The Christians of Lebanon are facing significant challenges during these days of intense Israeli bombardment and military advancement into their country.

First of all, there is the obvious challenge of staying alive amidst what can only be described as full-out war. At the time of writing, the total number killed as a result of the bombing is close to 1000, according to the Lebanese Government. Many of these were civilians who were trying to find shelter in the basements of buildings or attempting to escape by car to the north. Many more are injured, both physically and emotionally.

For those who lived through the 16 years of Lebanese civil war, these last few weeks have rekindled terrible memories and shattered all hope and dreams of a normal future for their homeland. “It is catastrophic,” writes a church leader from one of the most devastated towns in Southern Lebanon. “We had lots and lots of bombs around us. The bridges are all destroyed and most of the hills around our town were bombed.”

Another church, closer to the border with Israel, is in even more serious danger. Twenty families along with the pastor and his family are hiding in the church building. There is no access to them except by phone. “The Israeli airplanes have even thrown flyers to warn people here to leave and evacuate the area…but how, if all the roads are closed and bridges destroyed,” reports the frustrated pastor.

Those who can escape are doing so and quickly. This mass exodus posses a second challenge to the Christian community, albeit one whose real impact will be felt more in the future. Christians were once the dominant majority in Lebanon. Not any more. The numbers began to drop during the civil war years and most sources tend to agree that the current figure is likely to be less than 40 per cent of the population.

That percentage is likely to be dropping as you read this. “We have serious concerns that we will witness another heavy wave of emigration,” the church leader laments. “Already we had many people without jobs here.” The members of this particular Christian community in Southern Lebanon were refugees for seven years and had only recently returned home. “Psychologically speaking, we do not see enough emotional strength in our hearts to handle another displacement [in Lebanon], and many people are already trying to leave the country for good,” the leader adds.
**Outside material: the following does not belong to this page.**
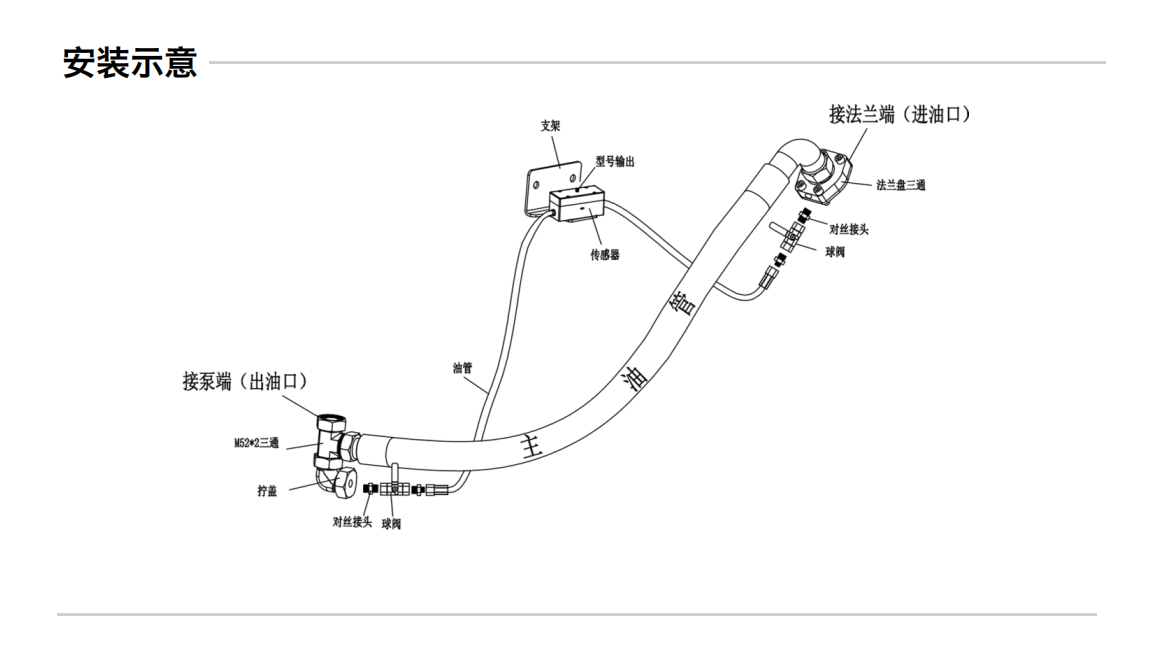 油液金屬顆粒傳感器在皮帶運輸機和破碎機的運用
The future looks bleak for the Christians and churches in Lebanon. Some suggest that up to 70 per cent of the Christians that are still left in Lebanon are ready to leave as soon as Beirut airport reopens.
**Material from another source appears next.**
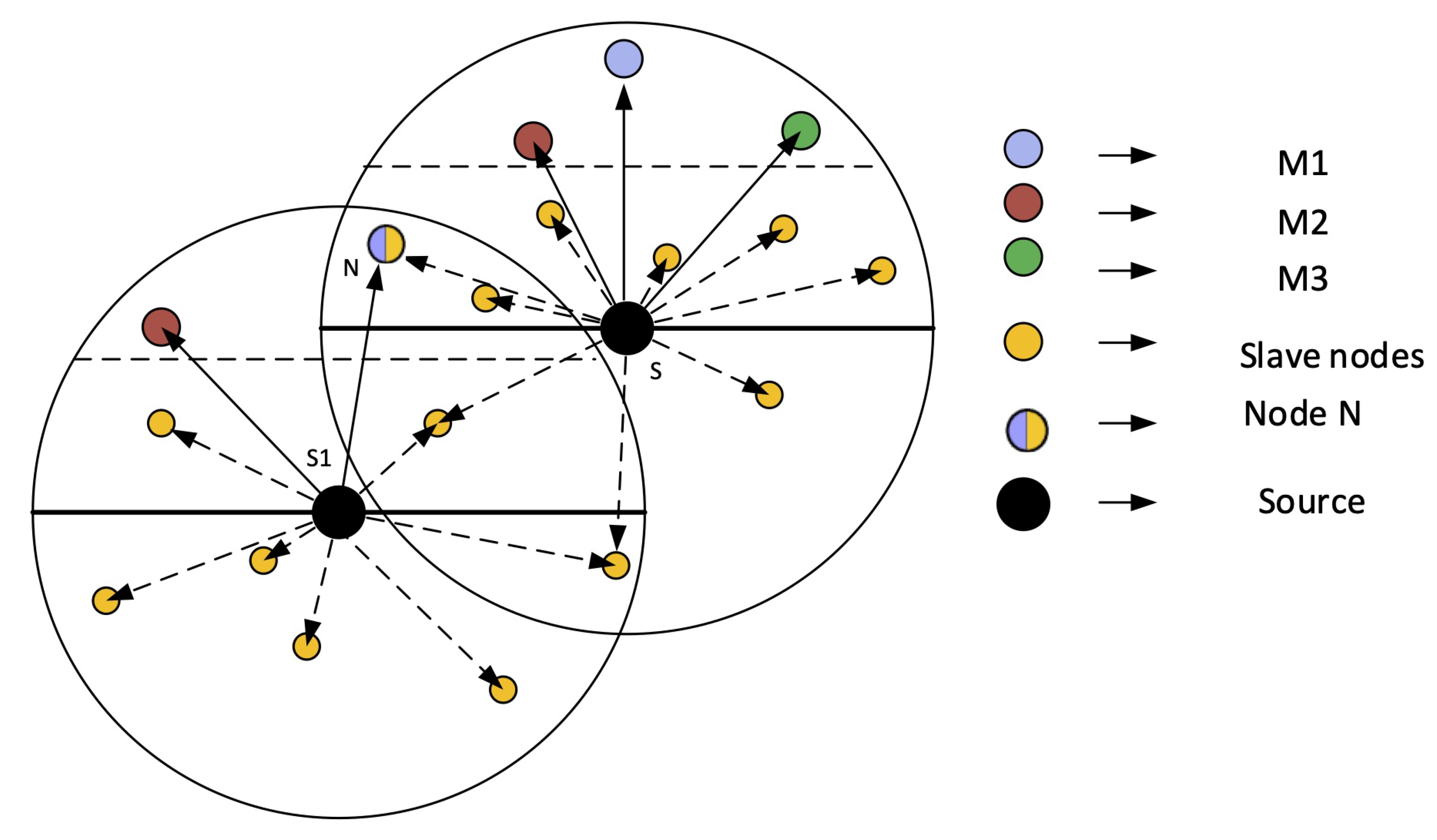 Sensors 21 03000 g010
One has little time to dwell too much on the future though. There are more pressing challenges today. “If this continues another week, most of the people here will run out of money and consequently of food supply,” the pastor in Southern Lebanon reports.

Unemployment is rampant, and even those who are employed will probably not get their salaries any time soon. Churches are doing their best to care for their members, but their benevolent funds are running out.

Then there is the challenge of coping with the constant tide of refugees flooding the schools, halls and churches throughout the country. He continues, “There are thousands and thousands of refugees, but we do not even dare to think of doing something because it needs lots and lots of funds to offer such help. We have the will, but we just do not have the means.”

In Beirut itself, many of the churches and Christian schools are trying to act in a positive way to be a help to the swelling population of the city. “It seems that we will be working with refugee and poverty issues for the foreseeable future,” one leader reports.

His church and school are focusing on a group of around 300 displaced people. “Some of the needs are basic, like food and bedding,” he says. “Some are social, like providing activities for the children, who are bored. Some are health-related concerns.” More and more people are showing up for the daily prayer meeting, which he refers to as “a balm for weary souls.”

Emotions are running high. There is much anger and hatred. According to another church leader, the biggest challenge is to overcome these feelings with love and forgiveness. When he was speaking to his congregation during the Sunday service, he asked them to raise their hands stating who they think is responsible for the war, Israel or Hezbollah. Then he asked those who raised their hands to stand up and pray for the side they blamed. “It is only by love, forgiveness and grace that we can overcome anger, hatred and bitterness towards those who cause us to suffer,” he preached.

Lebanese Christians are crying out for consolation and hope. The pastor from the south pleads – “We are in an utmost need of encouragement and prayers so that we faithfully hold fast as a witnessing community where we are.” His colleague in Beirut echoes similar sentiments – “Keep praying, especially that we do not become discouraged.”